**Problem requirements**
Going down the data below, set down exactly the line with "Scan40191.JPG" and each line after it through the line with "Product 48083 KEP3FEYACVORJDBMI3YMAKQAACGDSAAB"; no other lines.

**Dataset excerpts**

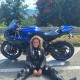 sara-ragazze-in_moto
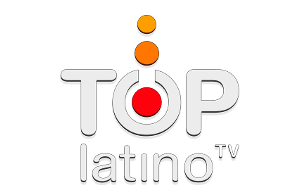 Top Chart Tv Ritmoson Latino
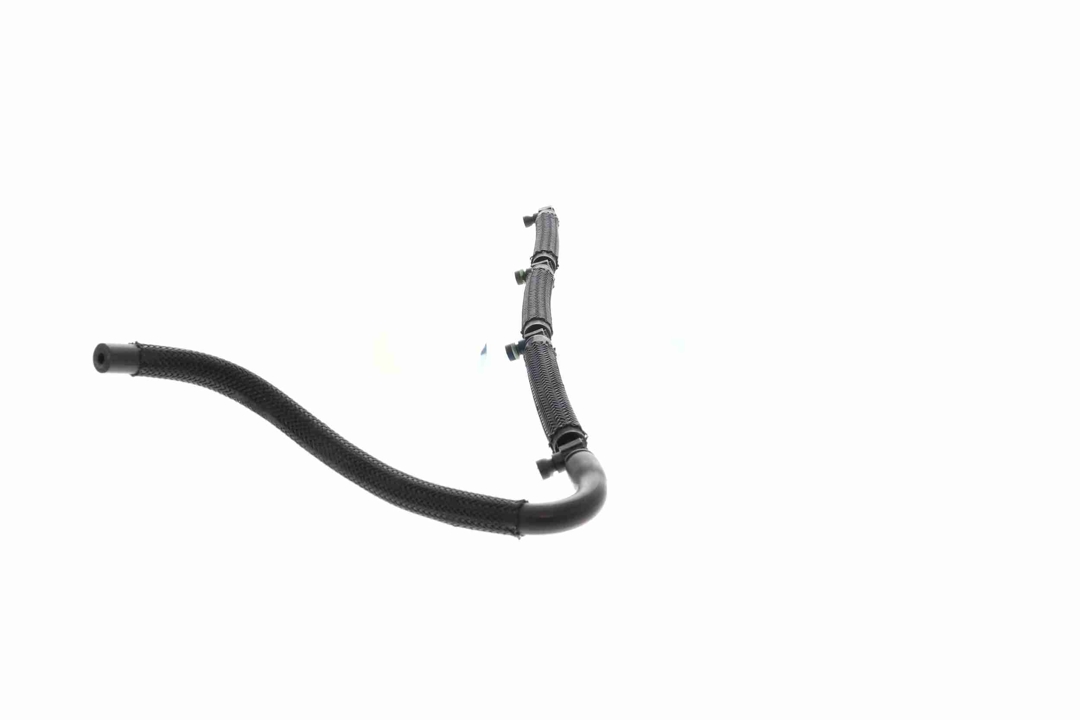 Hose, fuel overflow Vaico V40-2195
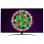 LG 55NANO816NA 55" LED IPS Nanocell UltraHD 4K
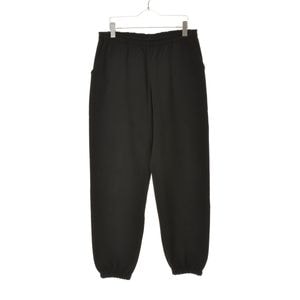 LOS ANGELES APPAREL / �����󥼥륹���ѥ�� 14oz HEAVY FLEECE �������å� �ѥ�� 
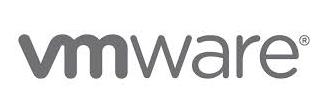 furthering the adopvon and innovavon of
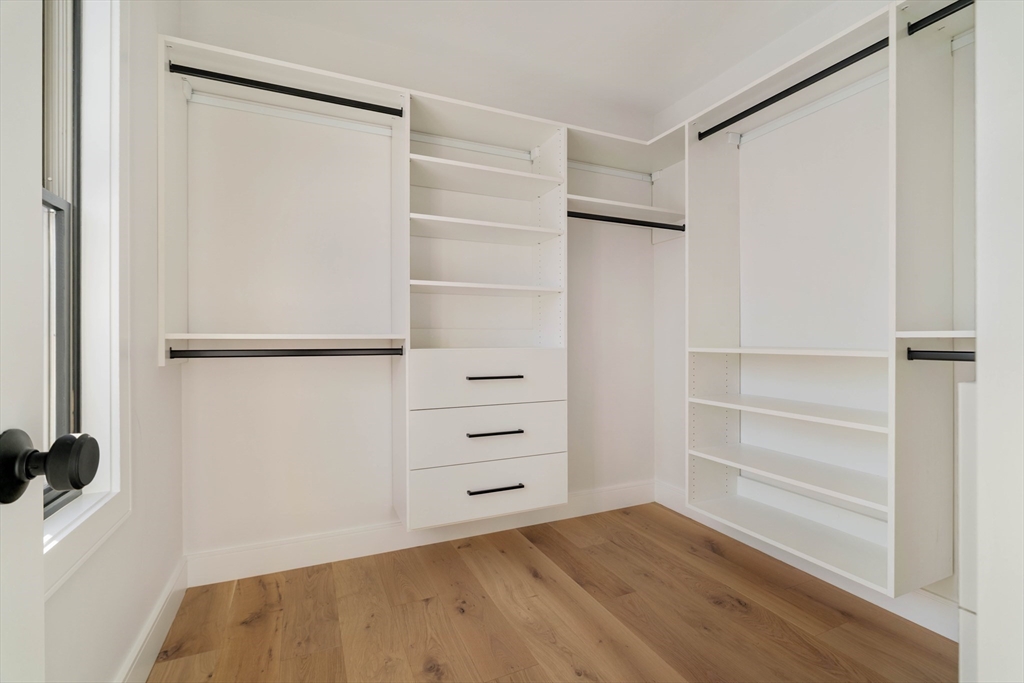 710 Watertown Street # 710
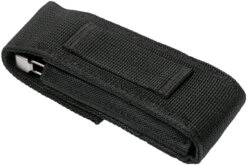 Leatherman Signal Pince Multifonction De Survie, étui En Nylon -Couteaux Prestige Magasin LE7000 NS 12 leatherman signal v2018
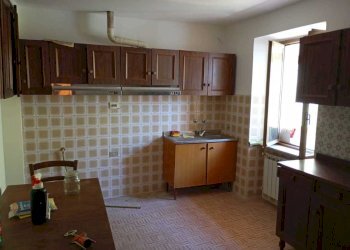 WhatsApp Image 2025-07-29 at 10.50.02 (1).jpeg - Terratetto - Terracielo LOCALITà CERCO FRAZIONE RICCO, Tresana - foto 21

--

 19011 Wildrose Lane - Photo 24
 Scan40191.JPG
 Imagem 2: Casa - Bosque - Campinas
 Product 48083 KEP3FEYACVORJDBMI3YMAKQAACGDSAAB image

...

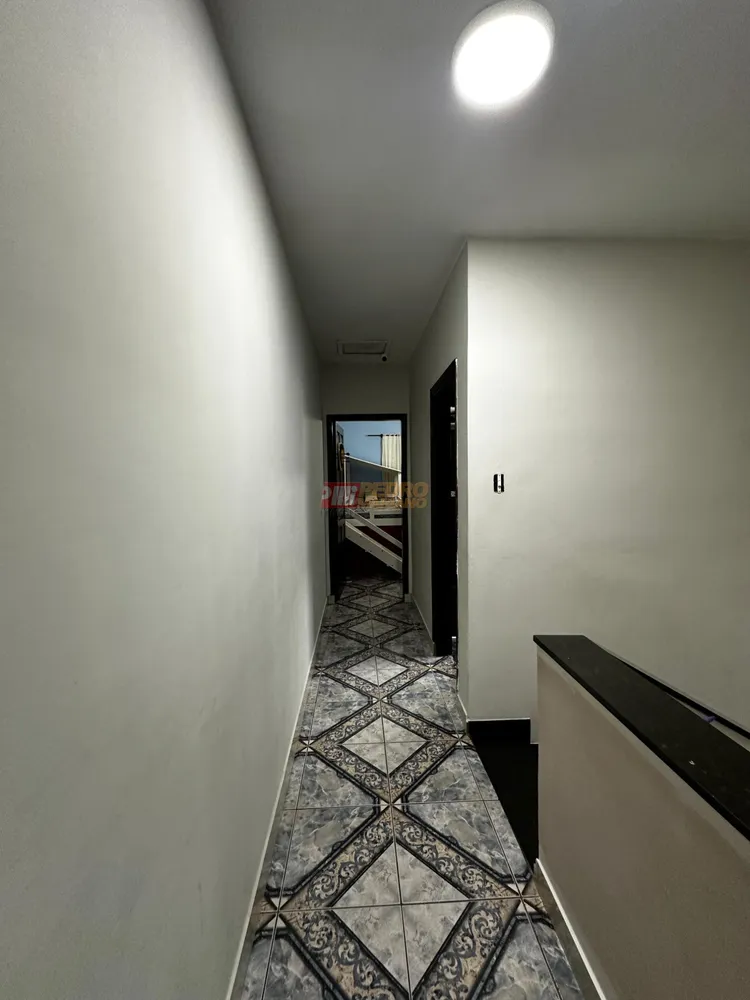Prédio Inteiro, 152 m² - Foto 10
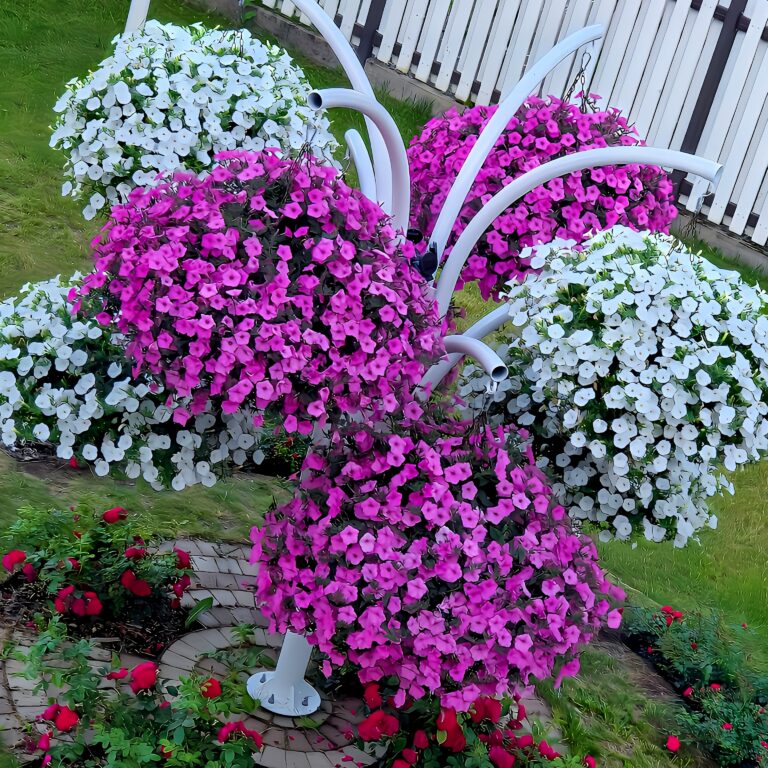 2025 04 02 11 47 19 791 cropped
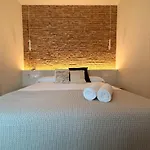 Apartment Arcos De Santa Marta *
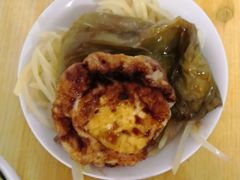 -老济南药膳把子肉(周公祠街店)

**Solution for this exercise**
 Scan40191.JPG
 Imagem 2: Casa - Bosque - Campinas
 Product 48083 KEP3FEYACVORJDBMI3YMAKQAACGDSAAB image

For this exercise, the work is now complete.